Until then, we assumed that \(Y=X\beta+\varepsilon\), where \(\E[\varepsilon]=0\) and \(\Var(\varepsilon)= \sigma^2I_n\).

The \(\varepsilon_i\) are uncorrelated but there can be dependency

No assumption was made on the distribution of \(\varepsilon\)

Now (Gaussian Model):

\[\varepsilon \sim \mathcal N(0, \sigma^2I_n) \quad \text{i.e.} \quad Y \sim \mathcal N(X\beta, \sigma^2I_n)\]

Equivalently we assume that the \(\varepsilon_i\)’s are iid \(\mathcal N(0, \sigma^2)\).

In this simpler model, we can do maximum likelihood estimation (MLE)!

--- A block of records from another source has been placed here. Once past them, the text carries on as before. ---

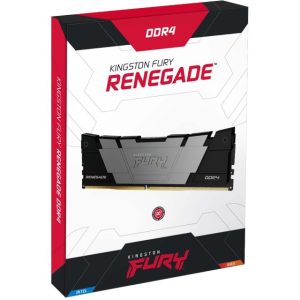 Kingston Memorija KINGSTON 16GB/DIMM/DDR4/3600MHz/CL16/FURY Renegade - Slika 4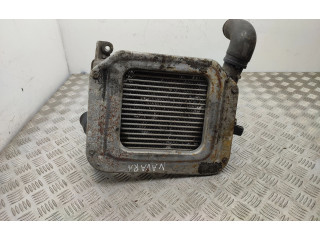 Интеркулер Nissan Navara D22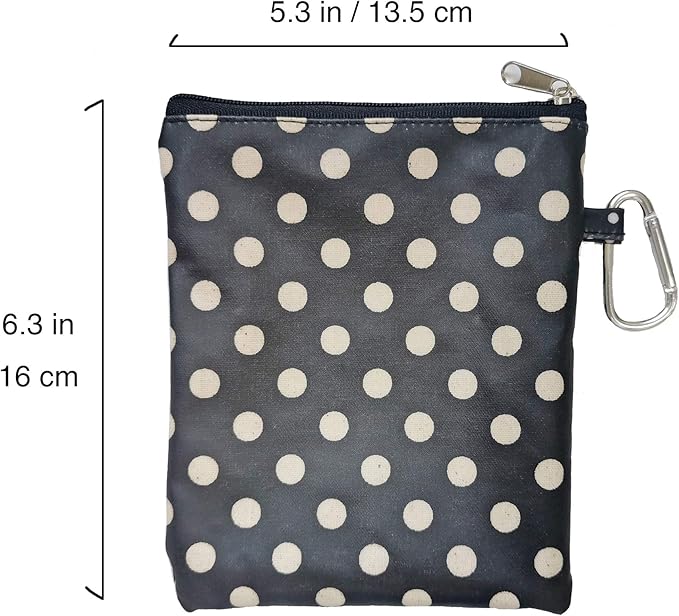 Tainada Water Resistant Bike Seat Bicycle Rainproof Dustproof Saddle Cover with Portable Storage Bag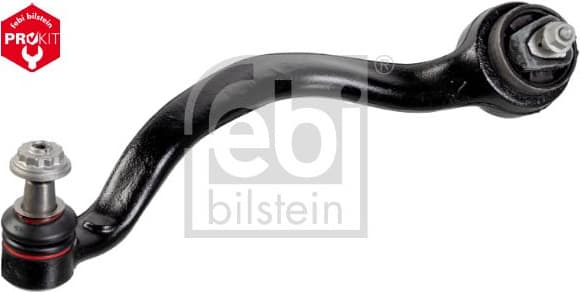 Control/Trailing Arm, wheel suspension ProKit 175034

Maximum Likelihood Estimation

MLE

Let \(\hat \beta_{MLE}\) and \(\hat \sigma_{MLE}^2\) be the MLE of \(\beta\) and \(\sigma^2\), respectively.

  • \(\hat{\beta}_{MLE} = \hat{\beta}\) et \(\hat{\sigma}^2_{MLE} = \frac{SCR}{n} = \frac{n-p}{n} \hat{\sigma}^2\).

  • \(\hat{\beta} \sim N(\beta, \sigma^2(X^TX)^{-1})\).

  • \(\frac{n-p}{\sigma^2} \hat{\sigma}^2 = \frac{n}{\sigma^2} \hat{\sigma}^2_{MLE} \sim \chi^2(n - p)\).

  • \(\hat{\beta}\) and \(\hat{\sigma}^2\) are independent

Elements of proof

Efficient Estimator

Theorem

In the Gaussian Model, \(\hat \beta\) is an efficient estimator of \(\hat \beta\). This means that \[ \Var(\hat \beta) \preceq \Var(\tilde \beta)\; , \] for any estimator \(\tilde \beta\). See Elements of proof

  • This is stronger than Gauss-Markov
  • Better than any \(\tilde \beta\), not only linear \(\tilde \beta\). \(\hat \beta\) is “BUE” (Best Unbiased Estimator)
  • If \(n\) is large, most of the result in Gaussian case remains valid.

Tests and Confidence Intervals

Pivotal Distribution in Gaussian Case

Recall that \(\hat \sigma^2 = \frac{1}{n-p}\|\hat \varepsilon\|^2\)

Property

In the Gaussian model,

\[ \frac{\hat \beta_j - \beta_j}{\hat \sigma \sqrt{(X^T X)^{-1}_{jj}}} \sim \mathcal T(n-p) \]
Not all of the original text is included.